## Task brief
Retype, without pictures, the line holding "Пример визуального стиля" and each line below it through the final line.

## Dataset extract
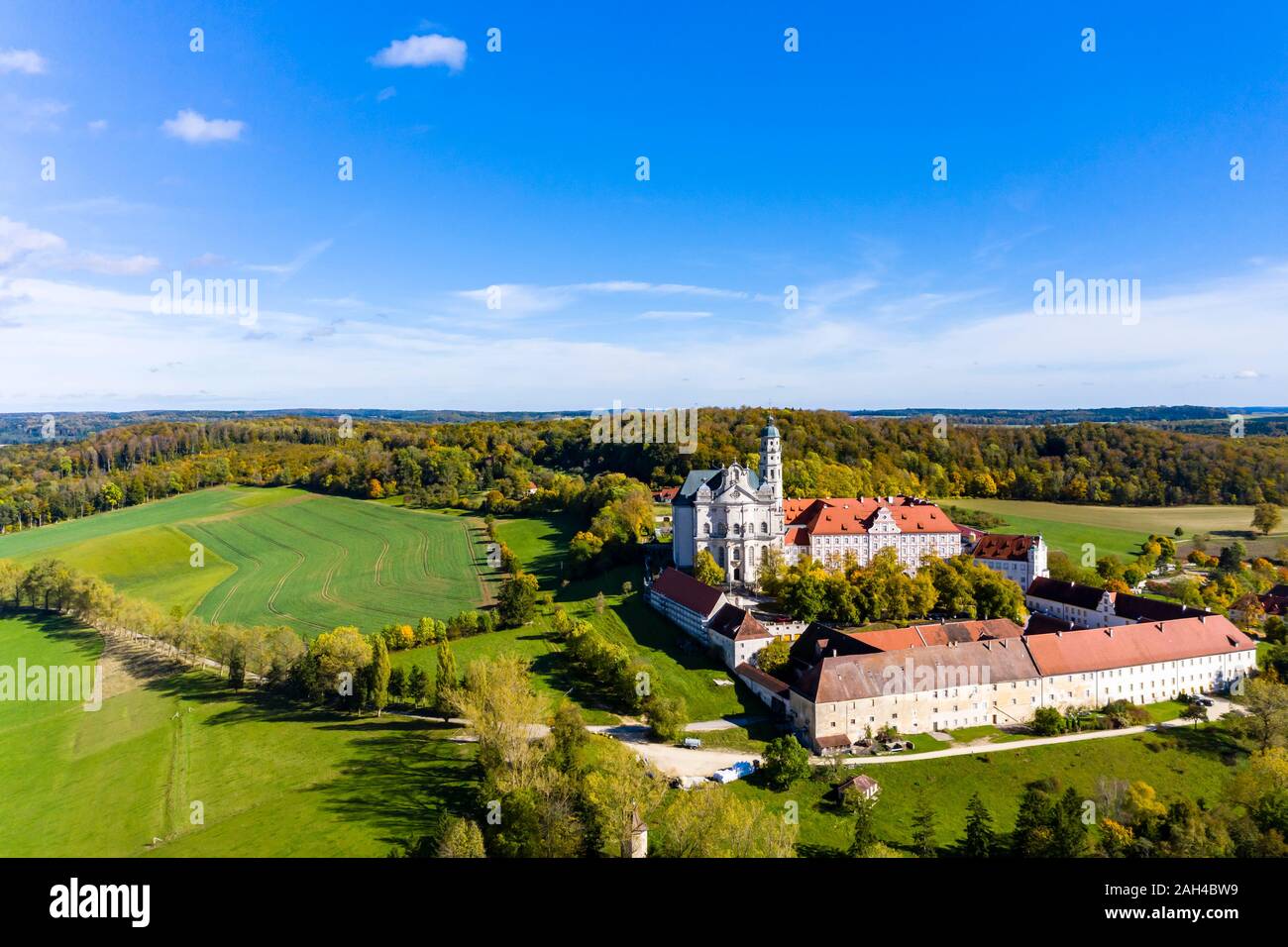 Germany, Baden-Wuerttemberg, Neresheim, Aerial view of Benedictine Monastery, Neresheim Abbey Stock Photo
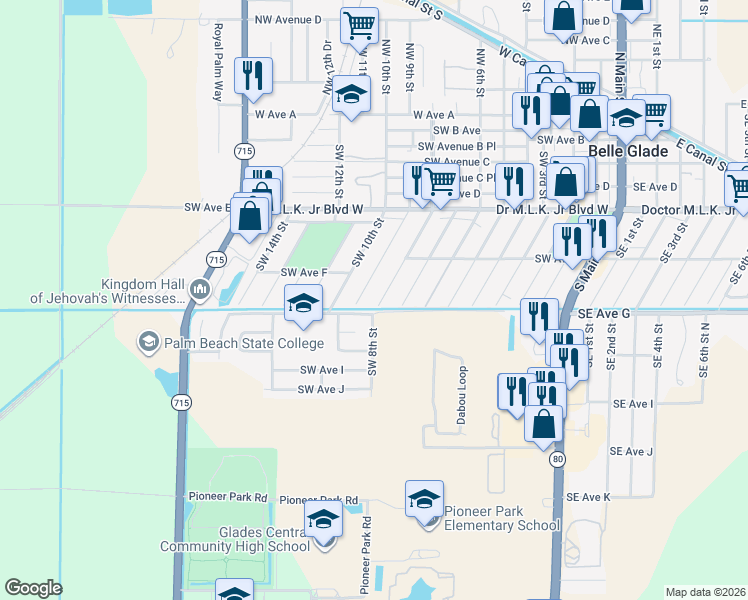 map of restaurants, bars, coffee shops, grocery stores, and more near 692 Southwest 8th Street in Belle Glade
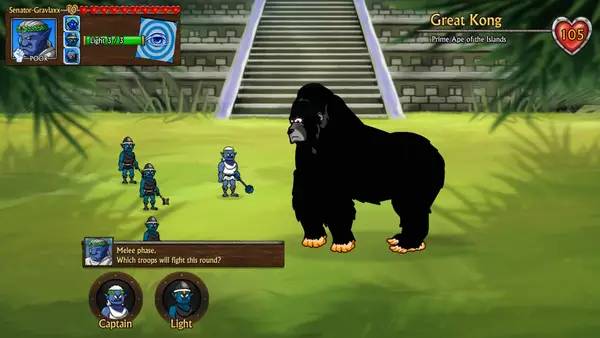 Пример визуального стиля и графики игры Swords and Sandals Pirates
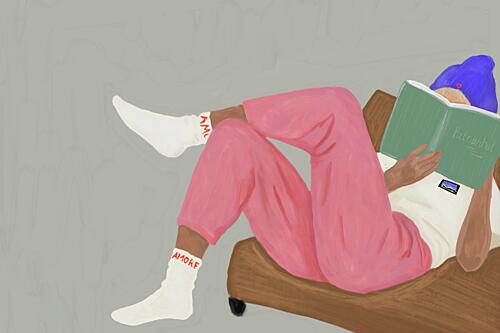 Cozy Reading Moment Art Print by Ute Arnold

## Result
 Пример визуального стиля и графики игры Swords and Sandals Pirates
 Cozy Reading Moment Art Print by Ute Arnold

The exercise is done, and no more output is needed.